**THE PROBLEM:** Your answer should hold exactly the lines below from the line with "artist_name bicycle blonde_hair" through the line with "EILEEN FISHER Blue", both included, and no pictures at all.

**AVAILABLE RECORDS:**
• • • • • • •

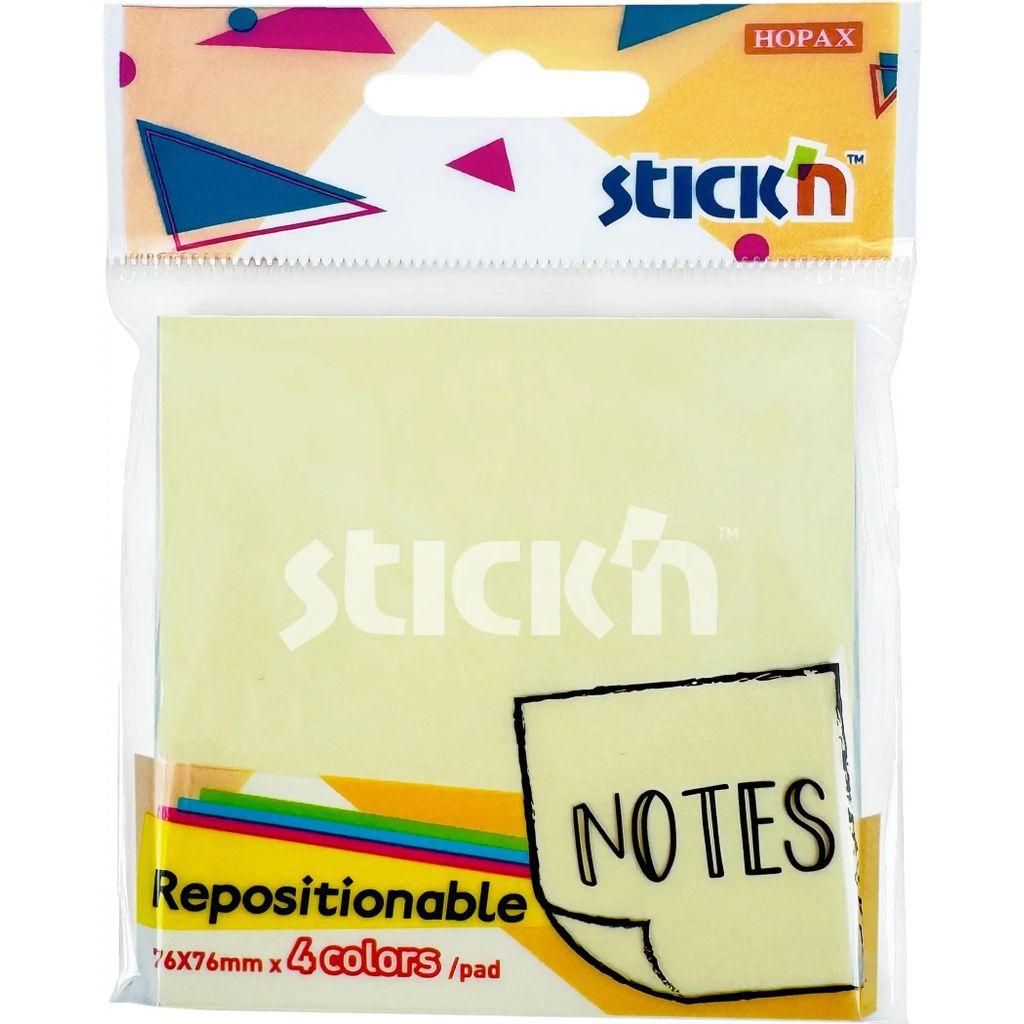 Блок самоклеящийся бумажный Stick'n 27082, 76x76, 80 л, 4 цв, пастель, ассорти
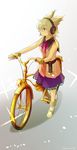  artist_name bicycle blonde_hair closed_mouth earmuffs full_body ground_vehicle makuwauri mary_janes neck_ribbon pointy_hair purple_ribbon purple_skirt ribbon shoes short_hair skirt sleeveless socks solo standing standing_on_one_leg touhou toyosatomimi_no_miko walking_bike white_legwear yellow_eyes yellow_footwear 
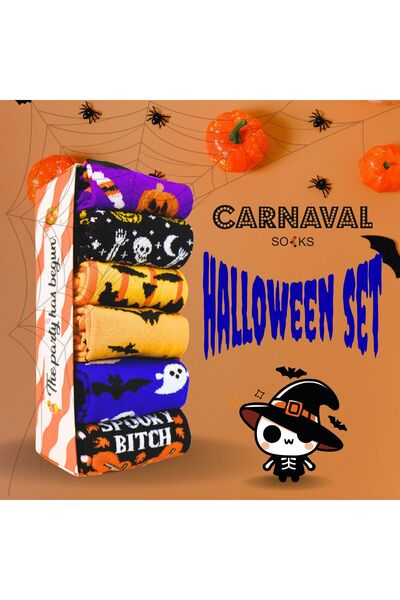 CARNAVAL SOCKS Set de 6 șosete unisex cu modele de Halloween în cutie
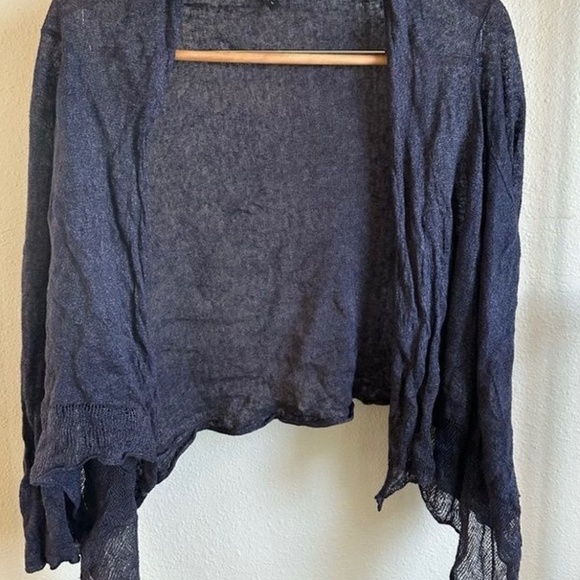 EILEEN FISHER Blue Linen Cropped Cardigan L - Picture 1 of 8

• • • • • • •

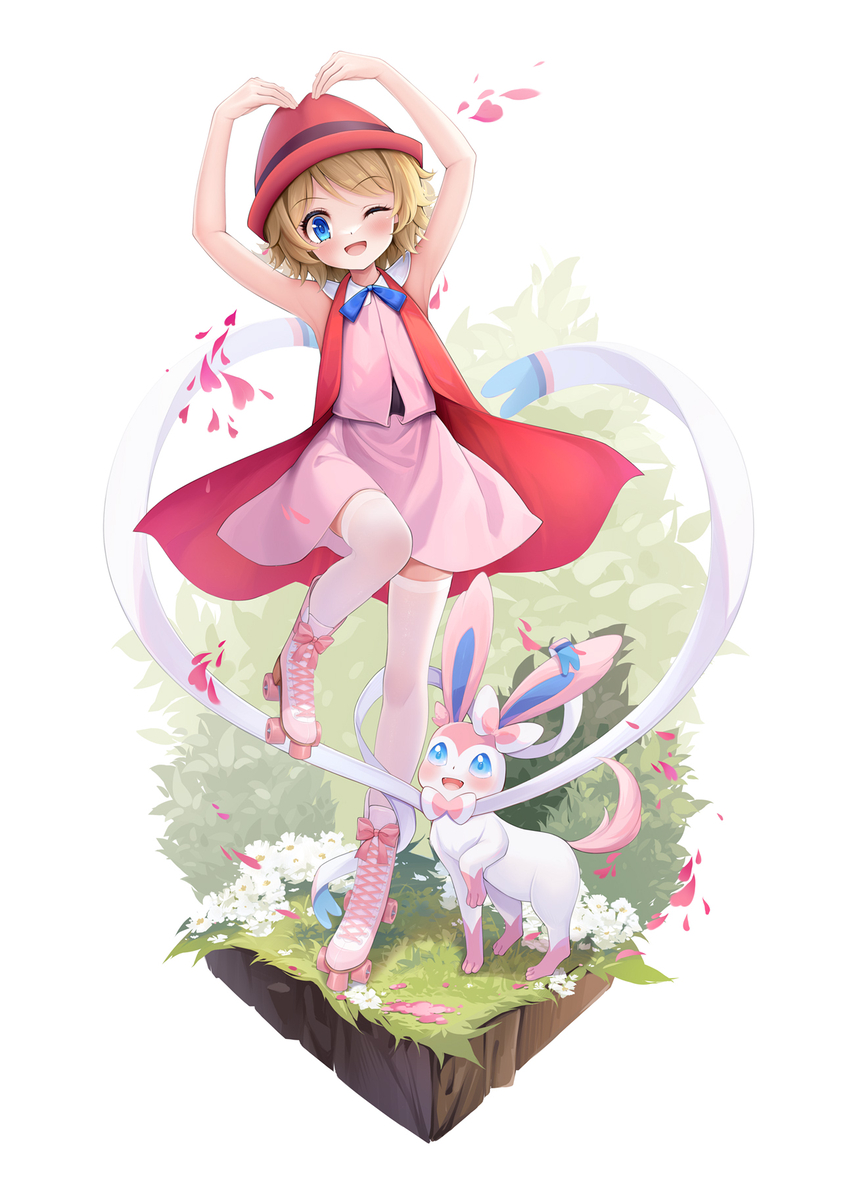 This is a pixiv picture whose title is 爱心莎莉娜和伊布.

• • • • • • •

**EXERCISE SOLUTION:**
  artist_name bicycle blonde_hair closed_mouth earmuffs full_body ground_vehicle makuwauri mary_janes neck_ribbon pointy_hair purple_ribbon purple_skirt ribbon shoes short_hair skirt sleeveless socks solo standing standing_on_one_leg touhou toyosatomimi_no_miko walking_bike white_legwear yellow_eyes yellow_footwear 
 CARNAVAL SOCKS Set de 6 șosete unisex cu modele de Halloween în cutie
 EILEEN FISHER Blue Linen Cropped Cardigan L - Picture 1 of 8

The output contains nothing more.